Außerdem müssen die Züge instand gehalten werden. Auch dafür sei mit Siemens ein Vertrag abgeschlossen worden. Die Laufzeit liege bei 30 Jahren. Gewartet werden sollen die Züge demnach in Dortmund.
Italo: 3,6 Milliarden Euro für Markteinstieg in Deutschland
Insgesamt investiere Italo für den Markteinstieg rund 3,6 Milliarden Euro. Darunter fallen auch Ausgaben für die Einstellung und Ausbildung von rund 2.500 Mitarbeiterinnen und Mitarbeitern. Außerdem geht es um Investitionen in Bahnhöfe und IT-Infrastruktur.
Italo will ab 2028 auf zwei Hauptstrecken verkehren: München-Köln-Dortmund und München-Berlin-Hamburg. Damit binde man 18 Städte auf einem 1.300 Kilometer langen Streckennetz mit insgesamt 50 täglichen Verbindungen an, so das Unternehmen.
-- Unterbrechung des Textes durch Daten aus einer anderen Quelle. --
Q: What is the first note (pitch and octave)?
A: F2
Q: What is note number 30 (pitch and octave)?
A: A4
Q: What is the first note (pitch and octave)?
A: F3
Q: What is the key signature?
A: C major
Deutsche Bahn muss mehr Platz für Wettbewerber machen
Die Deutsche Bahn muss auf ihren Fernverkehrsstrecken künftig mehr Platz für Wettbewerber machen. Die Bundesnetzagentur mit Sitz in Bonn hat entschieden, dass auf bestimmten Strecken mindestens 25 Prozent der Kapazitäten für Konkurrenten frei sein müssen. Beantragt hatte das Italo.
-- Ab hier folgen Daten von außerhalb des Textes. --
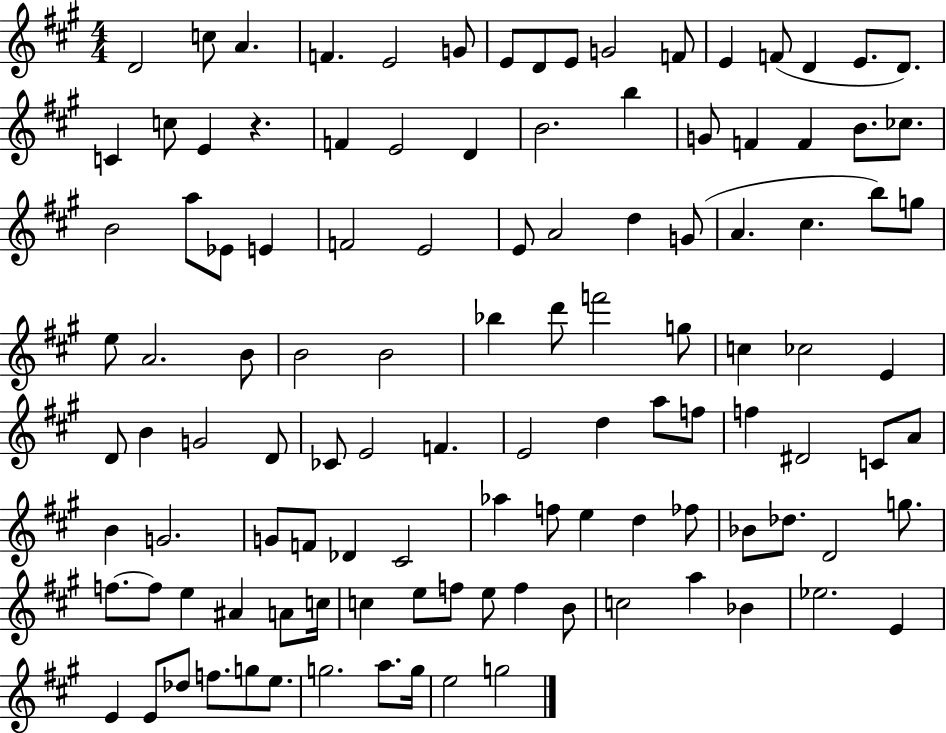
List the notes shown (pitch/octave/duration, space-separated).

D4/h C5/e A4/q. F4/q. E4/h G4/e E4/e D4/e E4/e G4/h F4/e E4/q F4/e D4/q E4/e. D4/e. C4/q C5/e E4/q R/q. F4/q E4/h D4/q B4/h. B5/q G4/e F4/q F4/q B4/e. CES5/e. B4/h A5/e Eb4/e E4/q F4/h E4/h E4/e A4/h D5/q G4/e A4/q. C#5/q. B5/e G5/e E5/e A4/h. B4/e B4/h B4/h Bb5/q D6/e F6/h G5/e C5/q CES5/h E4/q D4/e B4/q G4/h D4/e CES4/e E4/h F4/q. E4/h D5/q A5/e F5/e F5/q D#4/h C4/e A4/e B4/q G4/h. G4/e F4/e Db4/q C#4/h Ab5/q F5/e E5/q D5/q FES5/e Bb4/e Db5/e. D4/h G5/e. F5/e. F5/e E5/q A#4/q A4/e C5/s C5/q E5/e F5/e E5/e F5/q B4/e C5/h A5/q Bb4/q Eb5/h. E4/q E4/q E4/e Db5/e F5/e. G5/e E5/e. G5/h. A5/e. G5/s E5/h G5/h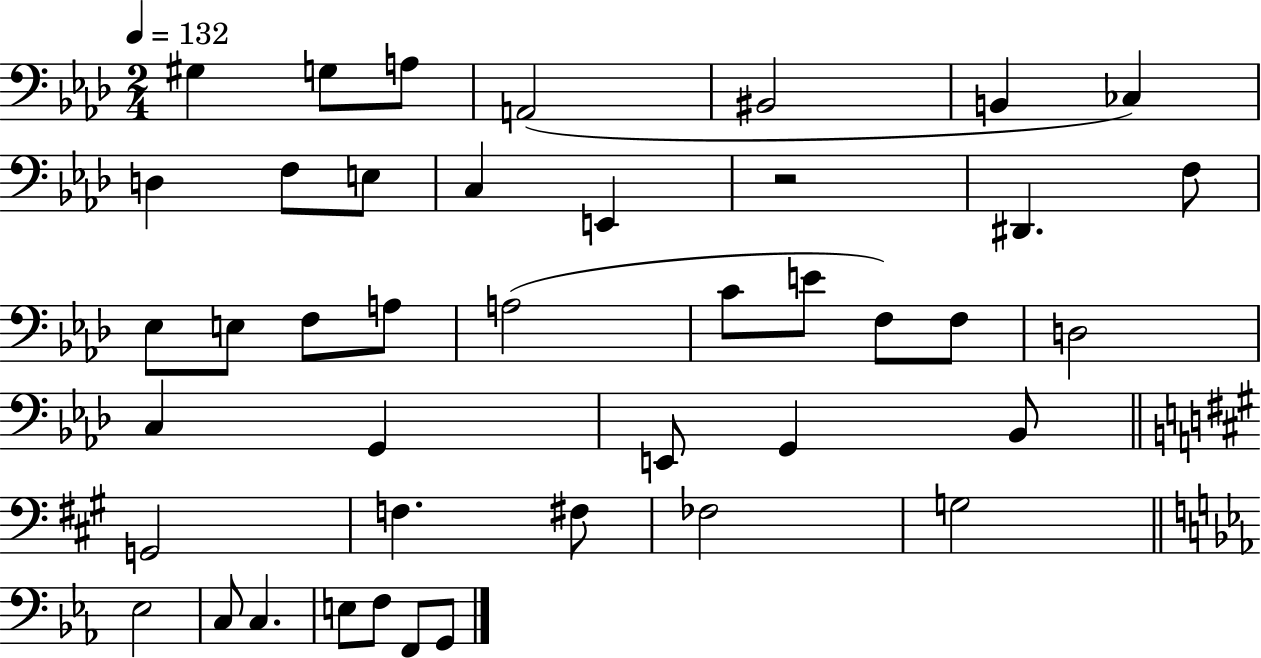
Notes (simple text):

G#3/q G3/e A3/e A2/h BIS2/h B2/q CES3/q D3/q F3/e E3/e C3/q E2/q R/h D#2/q. F3/e Eb3/e E3/e F3/e A3/e A3/h C4/e E4/e F3/e F3/e D3/h C3/q G2/q E2/e G2/q Bb2/e G2/h F3/q. F#3/e FES3/h G3/h Eb3/h C3/e C3/q. E3/e F3/e F2/e G2/e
Die Bahn kontrolliert bisher rund 95 Prozent des Fernverkehrs in Deutschland. Einziger größerer Wettbewerber ist bislang der Anbieter Flix.
Italo-Züge sollen ab 2028 im deutschen Fernverkehr fahren.
Bundesnetzagentur hofft auf bessere Angebote im Bahnverkehr
Die Bundesnetzagentur ist sich bewusst, dass die Entscheidung "einen Umbruch im Schienenpersonenfernverkehr einleiten kann". Behörden-Chef Klaus Müller ist aber überzeugt: Mehr Wettbewerb habe das Potenzial, bessere Angebote für die Fahrgäste zu schaffen.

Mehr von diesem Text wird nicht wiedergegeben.